Solvability (Rouché-Capelli theorem):
  rank(A) < rank([A|b]) → no solution
  rank(A) = rank([A|b]) = n → unique solution
  rank(A) = rank([A|b]) < n → infinite solutions (family of dimension n - rank(A))

7. Exercises

Easy 1. Write the system 2x+y=5, 3x-y=10 as a matrix equation Ax=b. Solve by hand.

Easy 2. What does it mean geometrically if a 3×3 system has infinite solutions?

Medium 1. Use classify_system to explore: for what values of k does [[k,1],[2,3]]x = [4,6] have (a) a unique solution, (b) no solution, (c) infinite solutions?

Medium 2. Solve a 5×5 random system 100 times and record the condition number.

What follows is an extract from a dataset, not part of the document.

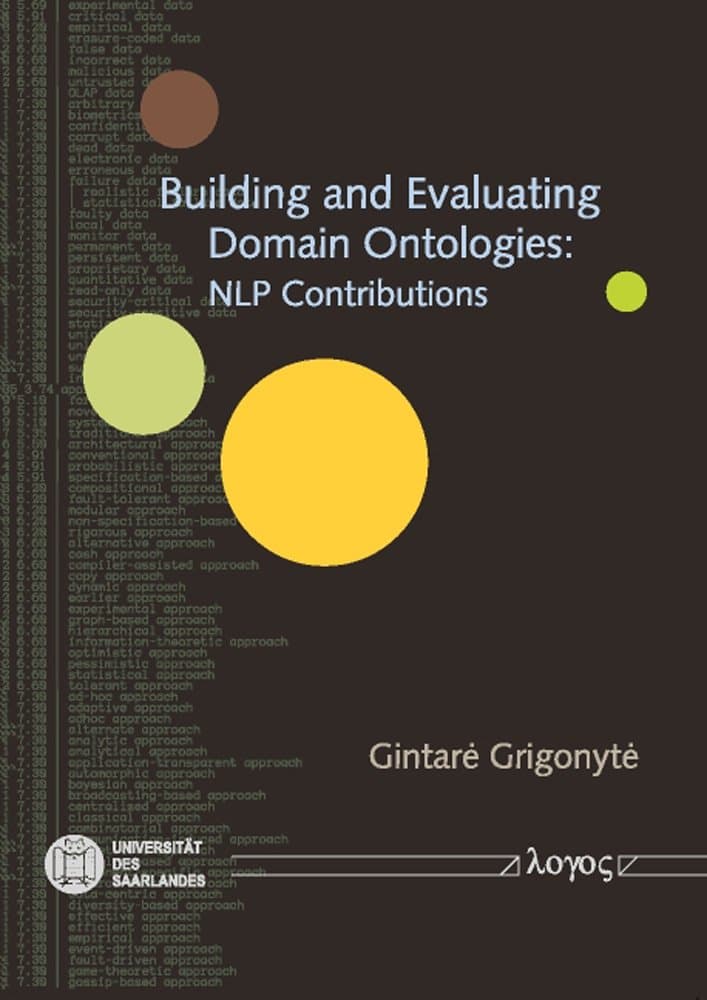 Building and Evaluating Domain Ontologies: Nlp Contributions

What does a high condition number mean for numerical accuracy of the solution?

Hard. Implement null_space(A) that returns a basis for the null space of A (all x such that Ax=0). Use SVD: the null space basis is the right singular vectors corresponding to singular values ≈ 0.


9. Chapter Summary & Connections

  • Ax=b has: (1) unique solution if rank(A)=n; (2) no solution if rank inconsistency; (3) ∞ solutions if rank(A)<n.

  • Geometrically: each equation is a hyperplane; the solution is their intersection.

Forward connections:

  • In ch161 (Gaussian Elimination), we compute the solution systematically.

  • In ch168 (Projection Matrices), the case ‘no exact solution’ leads to least-squares via orthogonal projection.